Social Justice


Brilmyer, Gracen, and Michelle Caswell “Identifying & Dismantling White Supremacy in Archives: An Incomplete List of White Privileges in Archives and Action Items for Dismantling Them.” (2016).

  • This poster designed by Gracen Brilmyer was created based on content produced in Dr. Michelle Caswell's Archives, Records, and Memory class at UCLA, Fall 2016. It outlines myriad white privileges that exist within core archival principles and theory and provides actions for archival communities, practitioners and educators to dismantle them. 

Chou, Rose L., and Annie Pho, editors, Series on Critical Race Studies and Multiculturalism in LIS.

  • This Litwin Books/Library Juice Press series "aims to collect and publish works from theoretical, practical and personal perspectives that critically engage issues of race, ethnicity, cultural diversity and equity in library and information science (LIS)." Two books have been published to date: Topographies of Whiteness: Mapping Whiteness in Library and Information Science, edited by Gina Schlesselman-Tarango; and Teaching for Justice: Implementing Social Justice in the LIS Classroom, edited by Nicole A. Cooke and Miriam E. Sweeney.

Forthcoming in the series: Pushing the Margins: Women of Color and Intersectionality in LIS, edited by Rose L. Chou and Annie Pho. These books show promise for fostering critical conversations in the archival profession.

Gilliland, Anne, “Neutrality, social justice and the obligations of archival education and educators in the twenty-first century,” Archival Science 11, no. 3-4 (2011): 193-209.

  • This paper by Anne Gilliland "contemplates how archival neutrality and social justice concerns can surface within the context of archival education," articulating ways that archival educators can transform the profession through critical engagement with a social justice framework during the training and learning process. 

Jimerson, Randall C., “Archives for All: Professional Responsibility and Social Justice,” American Archivist,

  • Rand Jimerson’s article is a classic call for archivists to consider the ways in which their work, including day-to-day work, should be dedicated to social justice. Jimerson includes international and US examples of how archival materials can address issues of accountability, justice and diversity, and offers some specific examples of how archivists, both collecting and institutional, can apply social justice practices in both their practice and in relationship-building. Jimerson’s article is also notable for its works cited, which can direct readers to other book-length and case specific works on social justice and records.

Michaelis, Kathryn, and Nicole Milano, Social Justice Sampler. Society of American Archivists, (2017).

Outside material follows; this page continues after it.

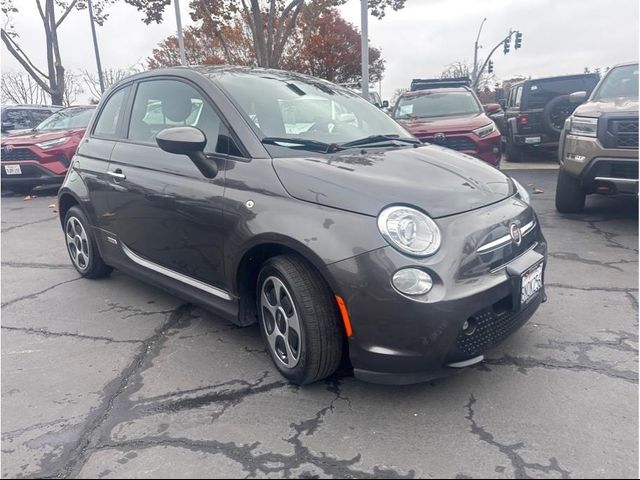2019 FIAT 500e Base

  • The "Sampler Series" from SAA publications provides collected chapters from SAA publications on a specific topic. Samplers are published electronically and are designed to provide an overview of a topic of interest to SAA members. The Social Justice Sampler includes chapters from Rand Jimerson's Archives Power: Memory, Accountability, and Social Justice; Chris Hurley's Political Pressure and the Archival Record; and Vern Harris' Archives and Justice: A South African Perspective. These three chapters, elucidated by an excellent introduction by the authors, are specifically brought together to address issues of professional responsibility and archives as "tools of accountability," arguing that archives and archivists hold positions that are frequently the nexus of social and political power. The goal is to ask readers to consider the implications of these ideas, and to encourage broader discussion of the topic. Though all three books were published well before the 2017 date of the Sampler, bringing together key chapters from three of the most persuasive writers in the early archival literature on Social Justice provides a broad frame of reference for current discussion, and inform contemporary consideration of the topic.

Office of Multicultural Affairs, University of Massachusetts Lowell, “Diversity and Social Justice: A Glossary of Working Definitions,”

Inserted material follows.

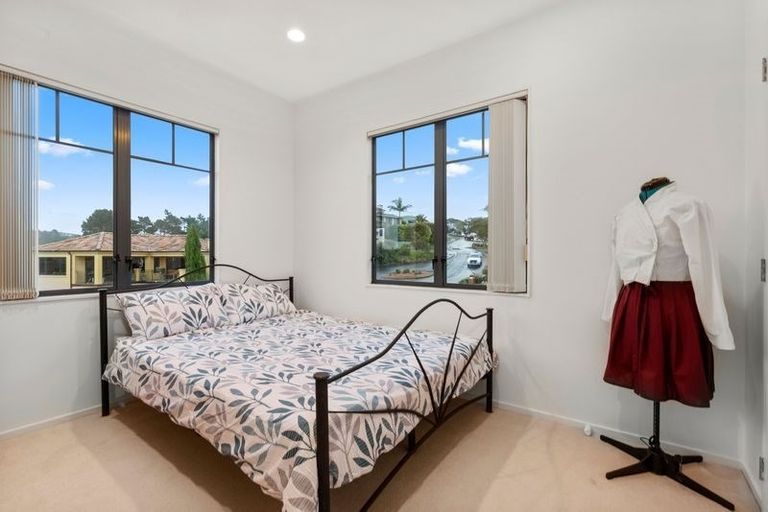 Photo of property in 28 St Clair Place, Browns Bay, Auckland, 0630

  • This glossary provides a comprehensive list of terms related to diversity and social justice. The definitions provided are intended to convey the interpretation and use of these terms within the context of diversity and social justice. 

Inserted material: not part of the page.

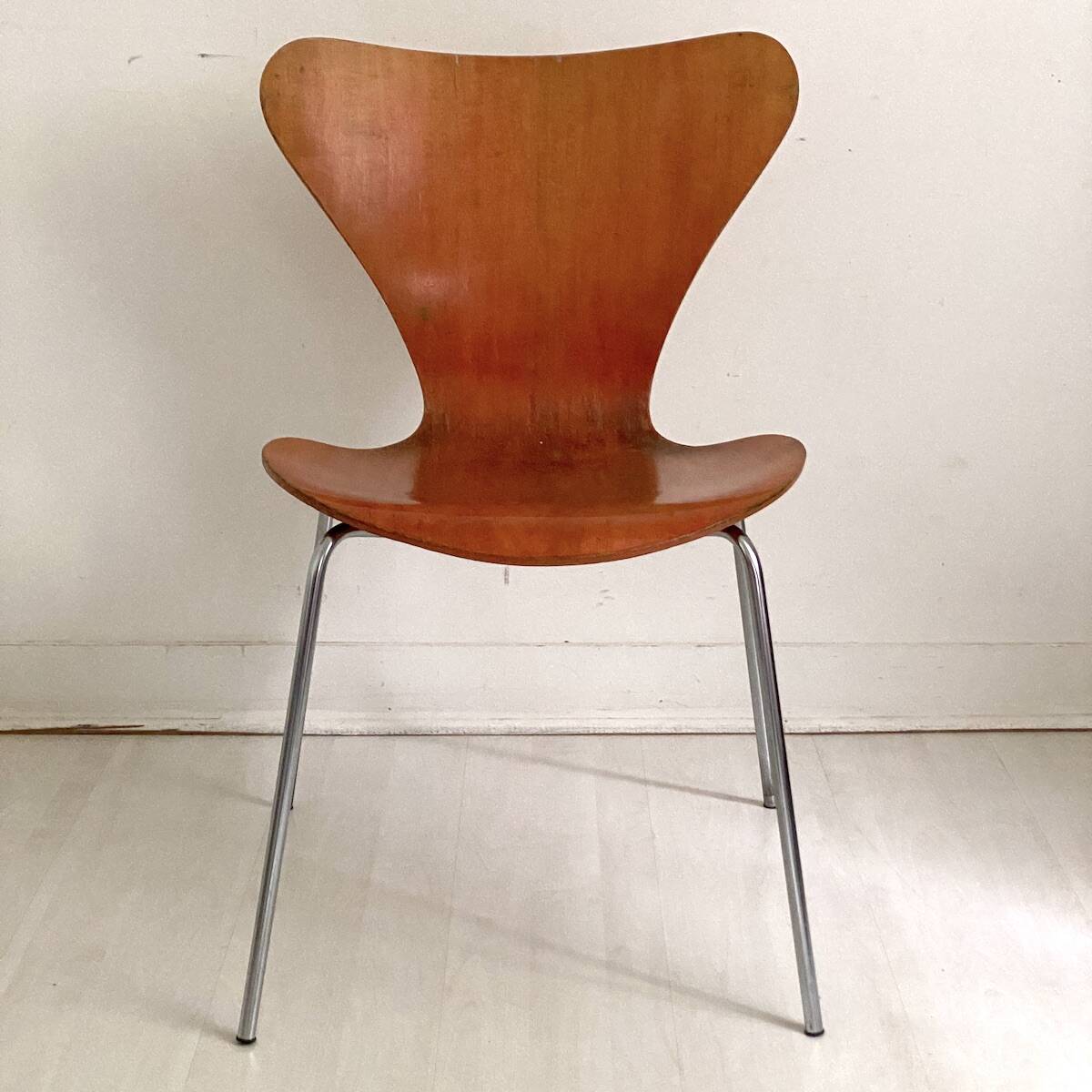 Chaise Butterfly de Arne Jacobsen édition Fritz Hansen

Punzalan, Ricardo L., and Michelle Caswell, “Critical Directions for Archival Approaches to Social Justice,” Library Information Quarterly, 86, no. 1, (2016): 25 – 42.

  • This article is a good starting-point for the ongoing discussion of social justice and its place in archival theory and practice. The authors provide an excellent discussion of definitions, including interesting observations about the difference between recognizing the power of social memory and the implications of actively using social justice in archival practice. The article then seeks to place a framework around discussions of social justice in archival practice. The resulting discussion is a deeply thought-provoking exploration of the impact of embracing the concepts of social justice within the archives, in particular topics such as access; the impact of digital access; and collecting and ownership of materials. The article is valuable to archivists in all stages of professional involvement, as well as to students and educators.